Problem to work on
The line with "Cotton Modal Digital" and each line following it, up to the final line of the data, should be set down exactly; pictures stay out.

Records shown
◇ ◇ ◇ ◇ ◇
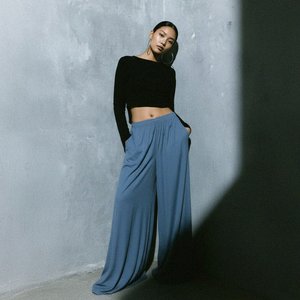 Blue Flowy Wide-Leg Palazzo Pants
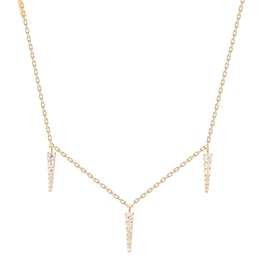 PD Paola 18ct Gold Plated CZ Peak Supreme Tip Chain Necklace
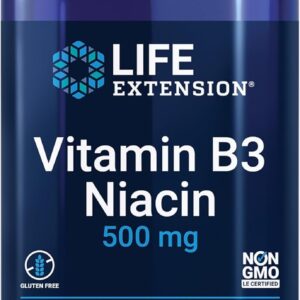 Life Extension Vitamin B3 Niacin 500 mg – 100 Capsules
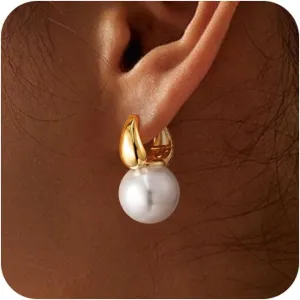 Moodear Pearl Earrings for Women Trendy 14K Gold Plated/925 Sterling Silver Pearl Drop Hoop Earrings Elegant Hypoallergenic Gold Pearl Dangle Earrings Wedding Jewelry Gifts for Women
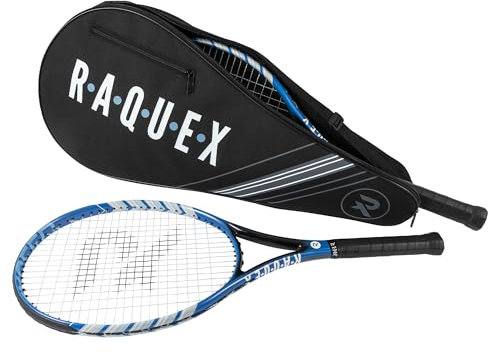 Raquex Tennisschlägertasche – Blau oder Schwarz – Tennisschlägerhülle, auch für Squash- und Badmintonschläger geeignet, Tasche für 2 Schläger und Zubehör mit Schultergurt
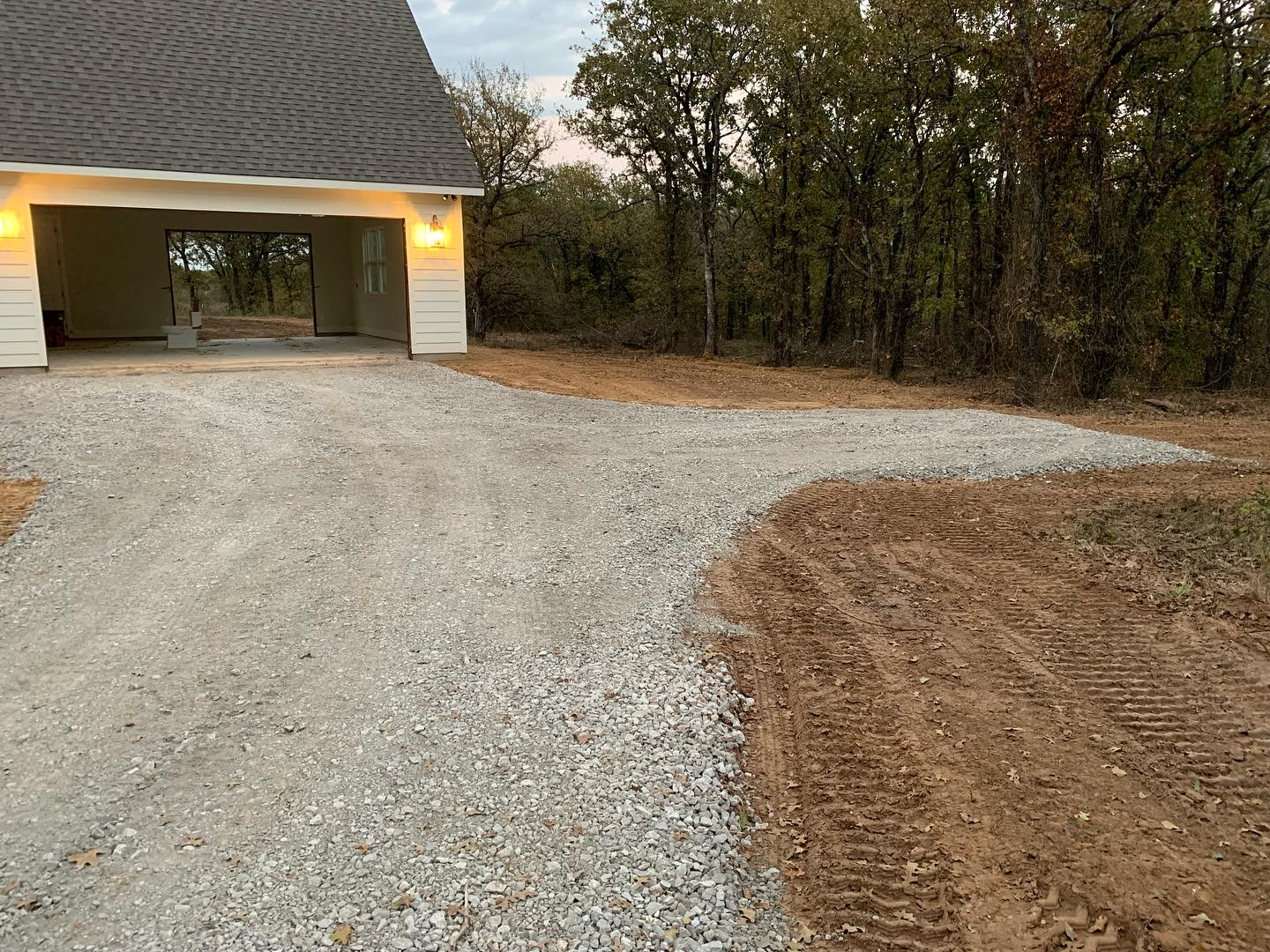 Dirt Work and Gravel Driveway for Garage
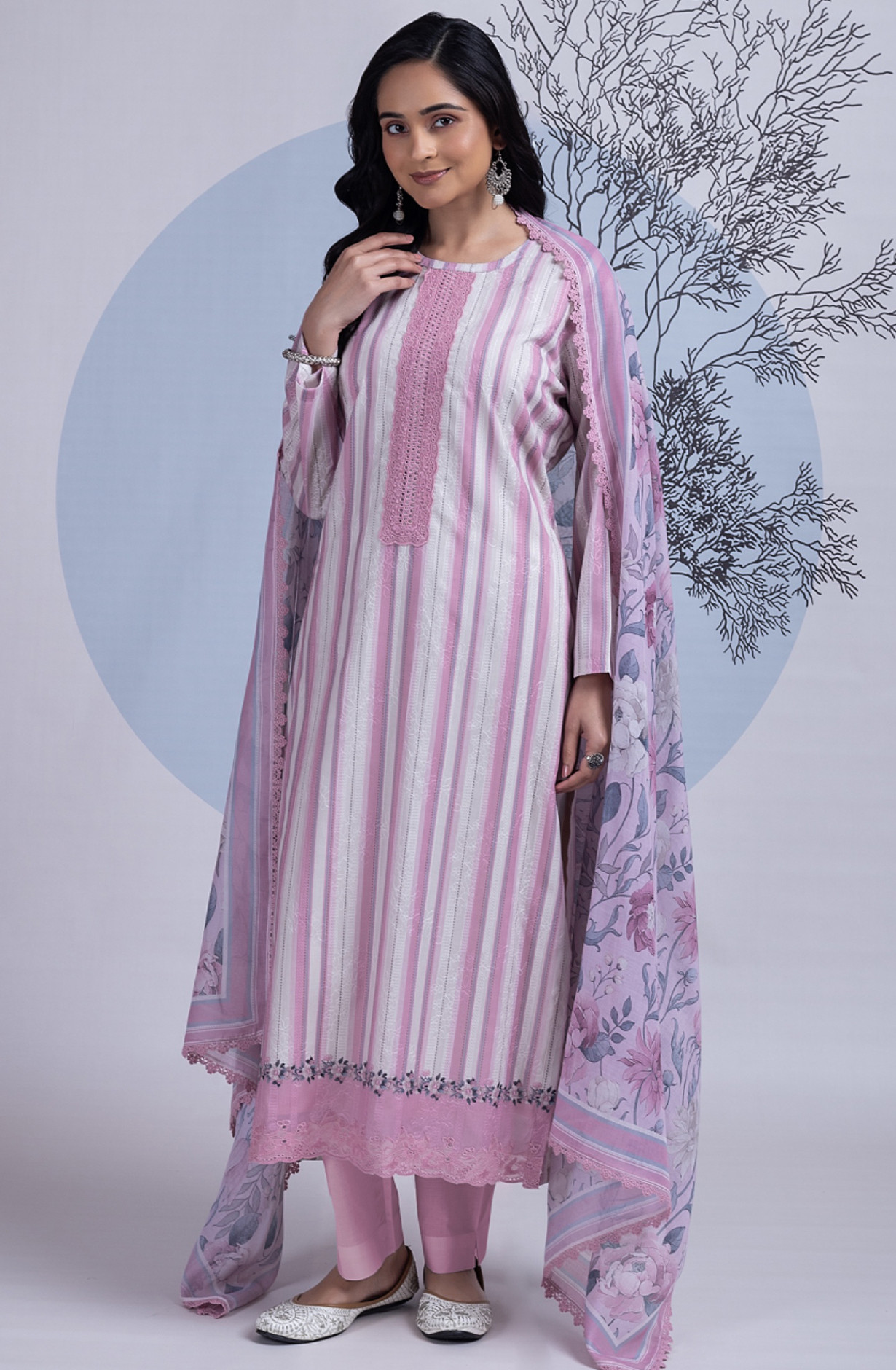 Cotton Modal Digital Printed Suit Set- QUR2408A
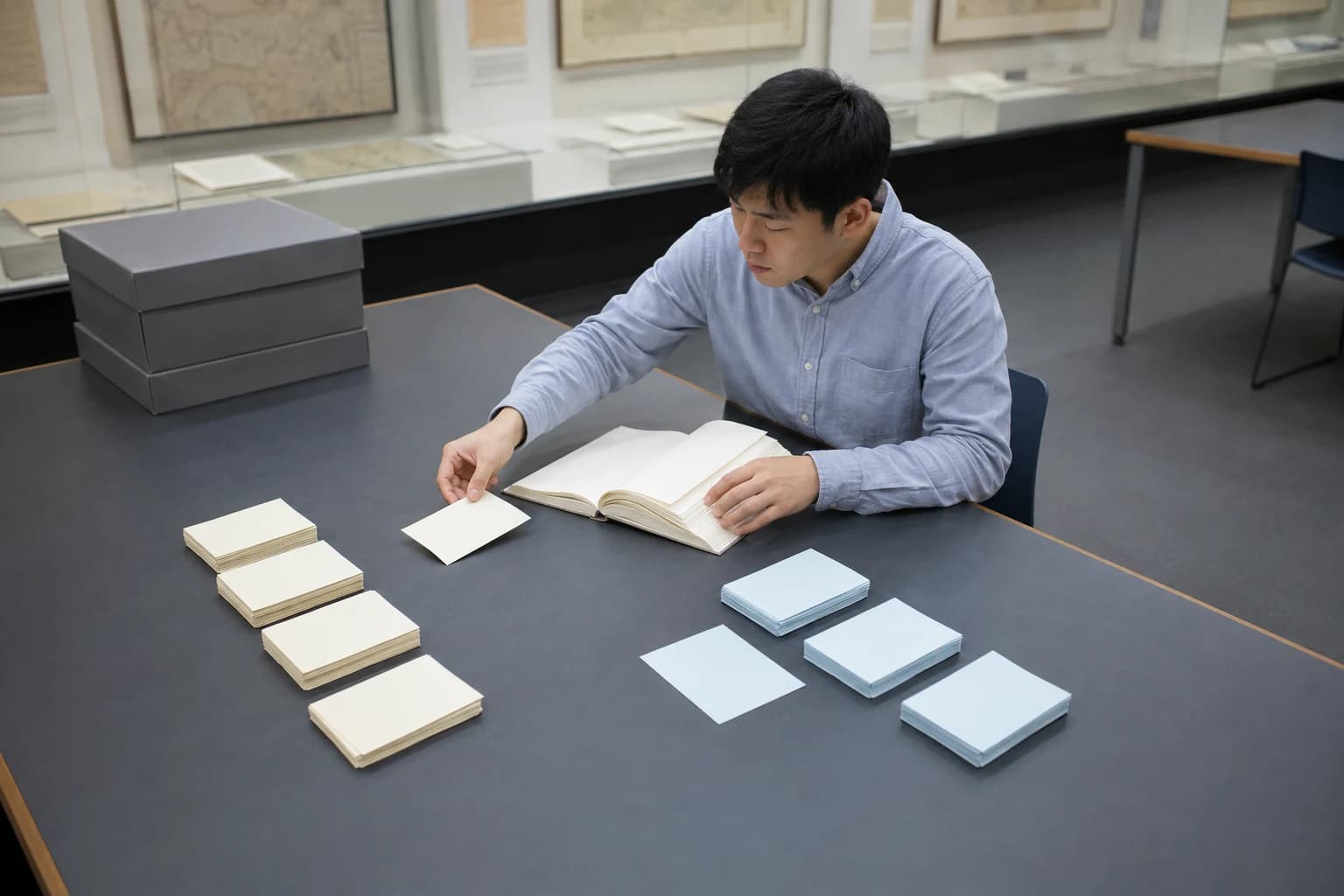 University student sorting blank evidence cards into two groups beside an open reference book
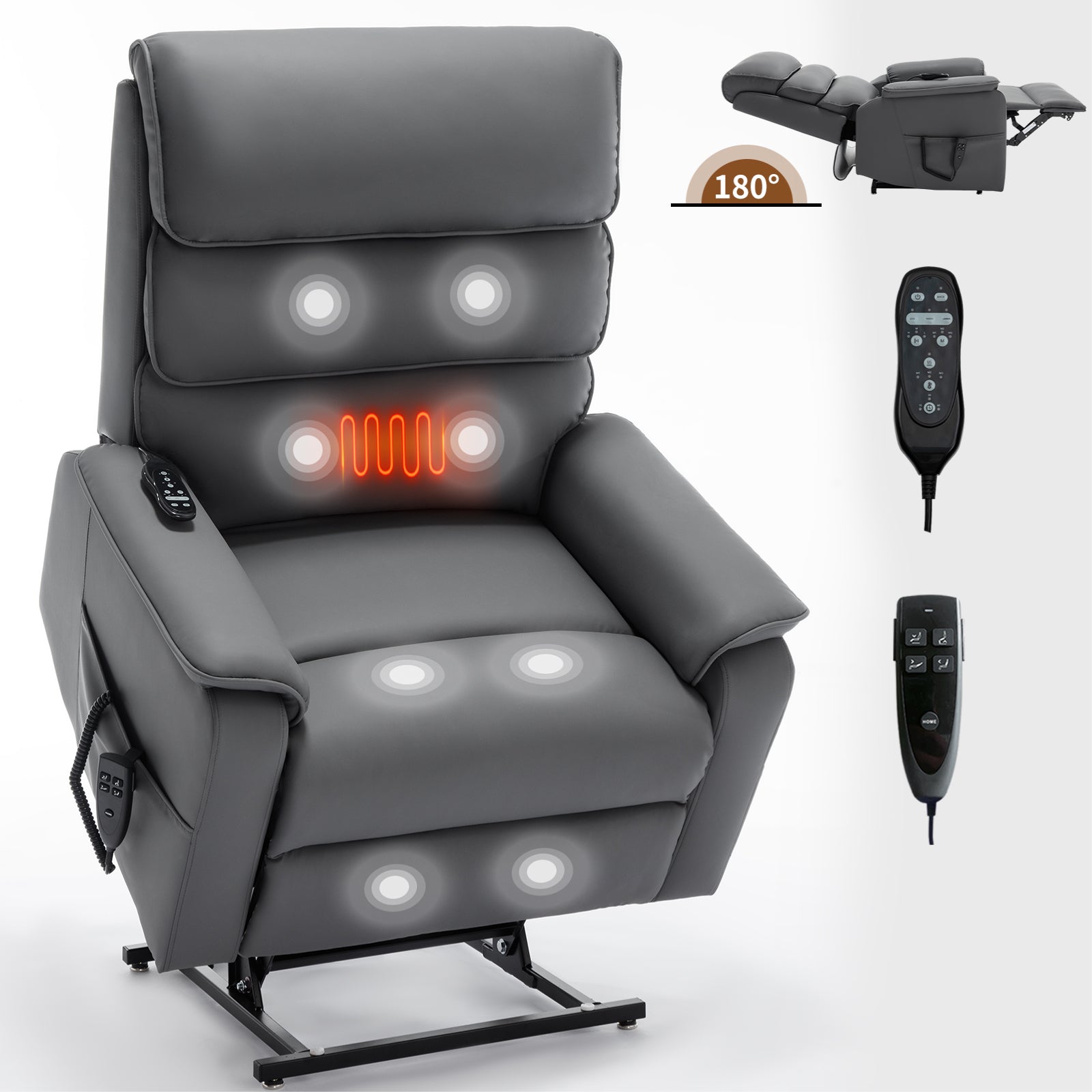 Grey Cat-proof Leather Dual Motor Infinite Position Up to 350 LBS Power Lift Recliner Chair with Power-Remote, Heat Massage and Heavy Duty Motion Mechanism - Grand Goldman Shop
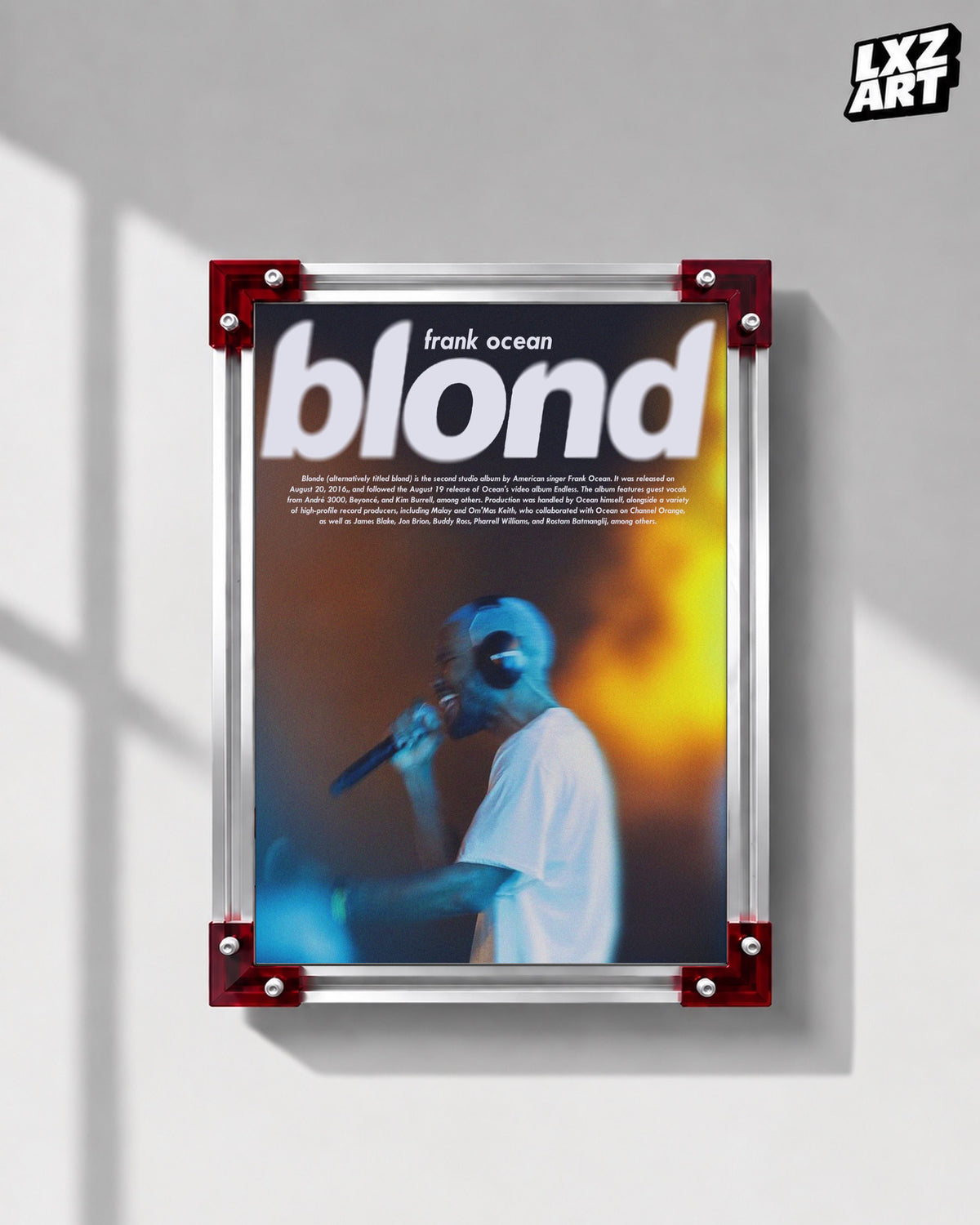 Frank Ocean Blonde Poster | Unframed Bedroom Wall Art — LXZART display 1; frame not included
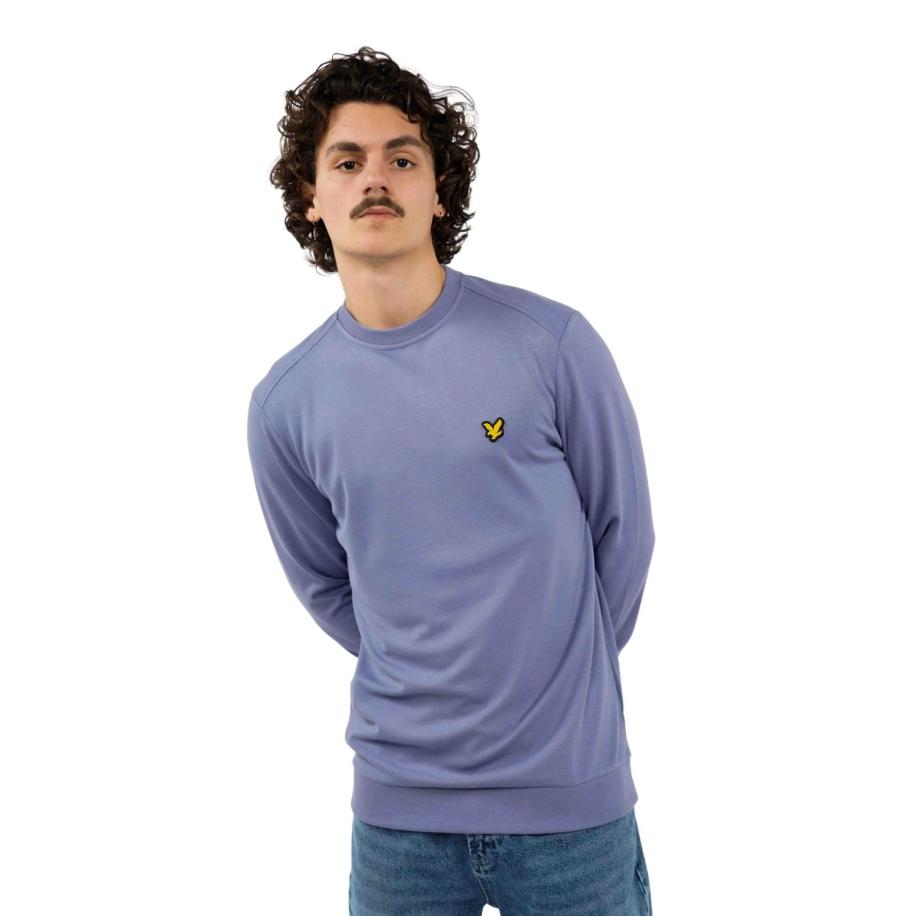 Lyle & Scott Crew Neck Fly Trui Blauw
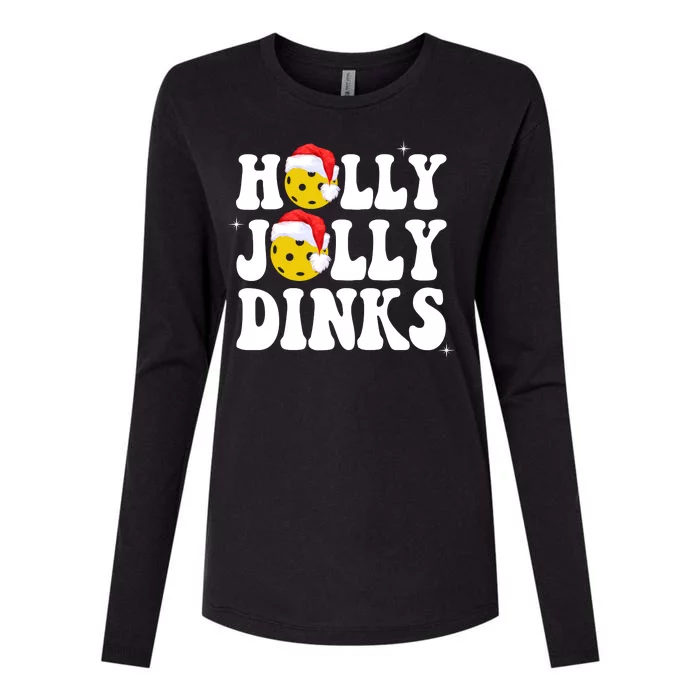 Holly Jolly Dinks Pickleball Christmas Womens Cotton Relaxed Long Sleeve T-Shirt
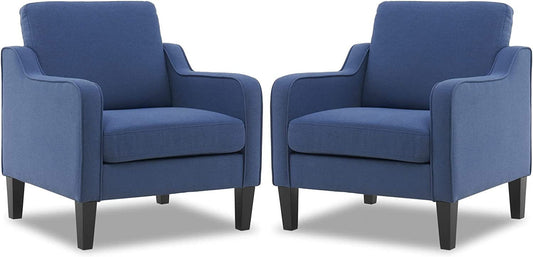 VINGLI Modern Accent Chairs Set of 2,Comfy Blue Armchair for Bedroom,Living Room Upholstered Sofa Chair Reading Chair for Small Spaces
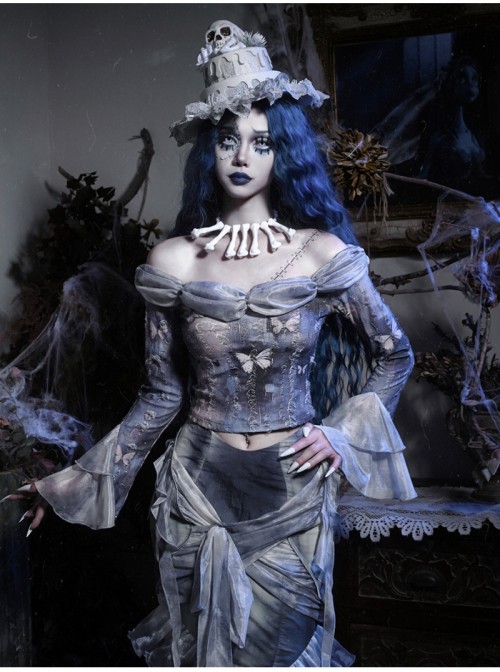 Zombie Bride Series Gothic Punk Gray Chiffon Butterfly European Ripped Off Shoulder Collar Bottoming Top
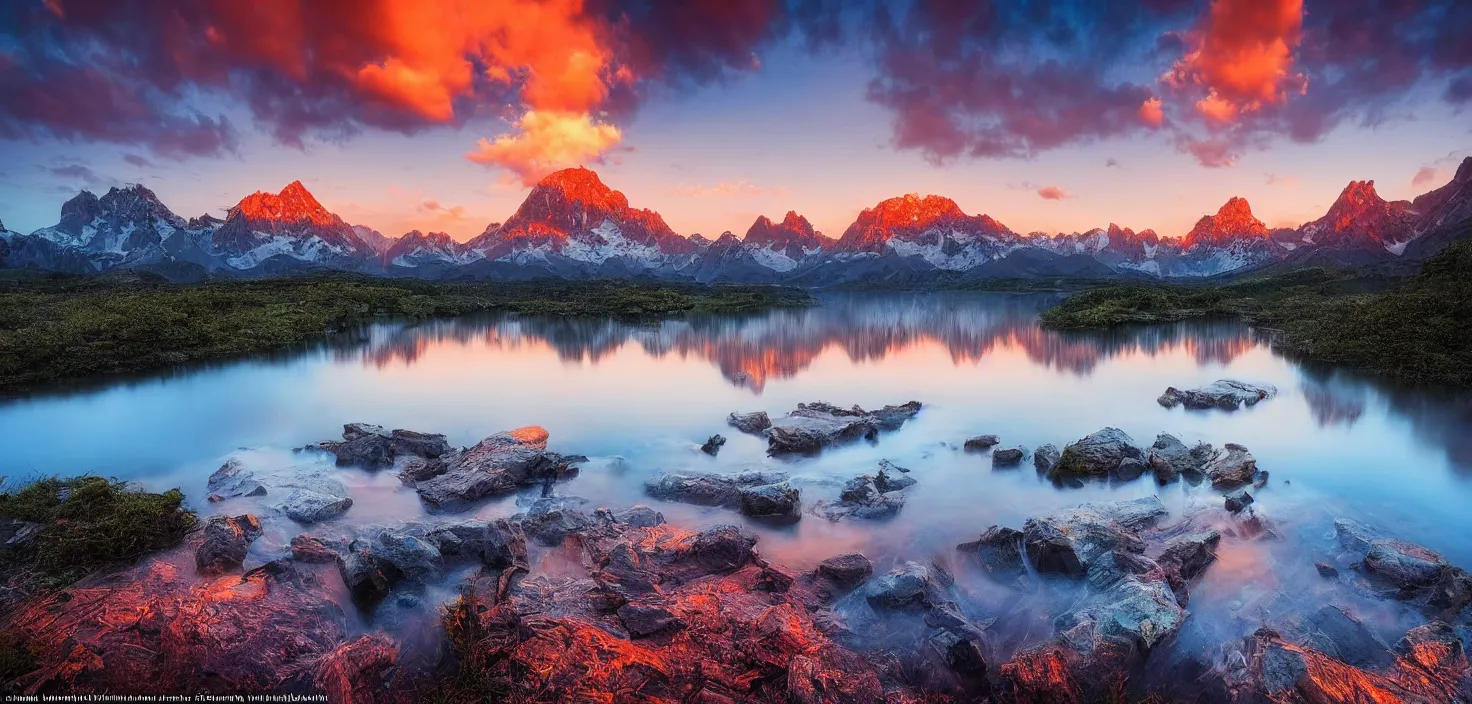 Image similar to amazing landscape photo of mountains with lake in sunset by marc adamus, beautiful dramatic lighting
◇ ◇ ◇ ◇ ◇
Written answer
 Cotton Modal Digital Printed Suit Set- QUR2408A
 University student sorting blank evidence cards into two groups beside an open reference book
 Grey Cat-proof Leather Dual Motor Infinite Position Up to 350 LBS Power Lift Recliner Chair with Power-Remote, Heat Massage and Heavy Duty Motion Mechanism - Grand Goldman Shop
 Frank Ocean Blonde Poster | Unframed Bedroom Wall Art — LXZART display 1; frame not included
 Lyle & Scott Crew Neck Fly Trui Blauw
 Holly Jolly Dinks Pickleball Christmas Womens Cotton Relaxed Long Sleeve T-Shirt
 VINGLI Modern Accent Chairs Set of 2,Comfy Blue Armchair for Bedroom,Living Room Upholstered Sofa Chair Reading Chair for Small Spaces
 Zombie Bride Series Gothic Punk Gray Chiffon Butterfly European Ripped Off Shoulder Collar Bottoming Top
 Image similar to amazing landscape photo of mountains with lake in sunset by marc adamus, beautiful dramatic lighting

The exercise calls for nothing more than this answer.